Kura-kura. Pada masa Klasik, kura-kura terutama dikenal dalan cerita Samudramanthana, sebuah kiash tentang pencairan air amerta atau air keabadian. Dalam cerita tersebut kura-kura merupakan penjelmaan Dewa Wisnu (Kurmawatara) yang dijadikan landasan ketika para dewa mengadukan pengadukan lautan susu. Dengan demikian, kura-kura dihubungkan dengan upaya para dewa memperoleh air keabadian tersebut menandakan hubungannya dengan kesuburan.

Ragam hias kura-kura dapat dijumpai dalam bentuk relief di Candi Borobudur dan Candi Mendut.
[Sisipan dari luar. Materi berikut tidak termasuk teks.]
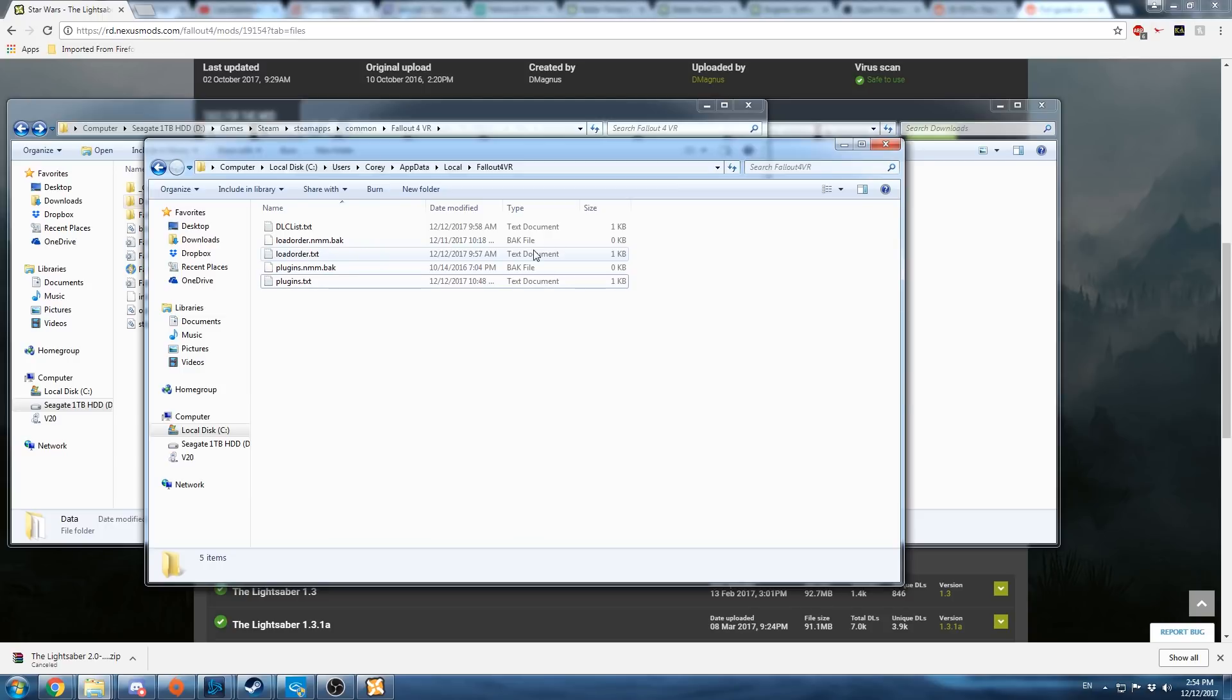Hopefully this video has helped and hopefully you will contribute to the list of ongoing mods that work for fallout4vr and I hope you enjoy your time in fallout. Later.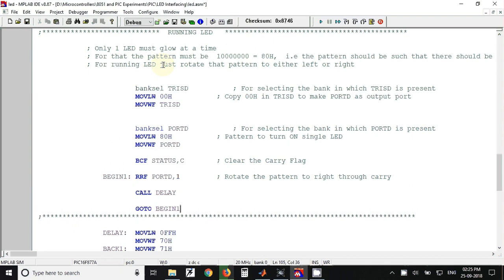In case of running LED program, only one LED will be on at a time and the others will be off. Next time the next LED will be turned on and the previous LED will be turned off, and so on.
Di Candi Borobudur, binatang ini diphatkab dalam bidang hias (sebagai pangkal sesuluran) dan dalam relief cerita. Di Candi Mendut, kura-kura digambarkan dalam relief cerita binatang. Pada kepurbakalaan di lereng Barat Gunung Lawu (Karanganyar), gambaran kura-kura cukup banyak ditemuka. Di Candi Sukuh ragam kura-kura diwujudkan dalam bentuk arca, sedangkan di Candi Cetha ragam kura-kura diwujudkan dalam bentuk fitur susunan batu di tanah. Arca kura-kura juga ditemukan di Punden ini, masyarakat masih sering memberi sesaji agar segera turun hujan sehingga terlihat jelas adanya hubungan antara kura-kura (binatang air) dengan mitos-mitos tentang kesuburan.

Kura-kura juga sering diukirkan di bawah cerat yoni, bersama dengan beberapa bulan binatang dunia bawah lain seperti ular. Peripih yang baisa ditanam di bawah bangunan suci juga sering mengambil bentuk kura-kura. Dalam fungsi profan, kura-kura pada mas Klasik juga didapatkan dalam bentuk manik-manik dari emas yang dapat dirangkai menjadi kalung.

Pada masa Islam, pola hias kura-kura tidak begitu populer. Meskipun demikian, pada dinding barat mihrab Masjid Agung Demak dijumpai relief yang secara garis besar (skematis) menggambarkan kura-kura. Pola ini ditafsirkan sebagai sengkalan angka tahun pendirian Masjid Agung Demak, yaitu tahun 1401 Saka bertepatan dengan tahun 1479 TU.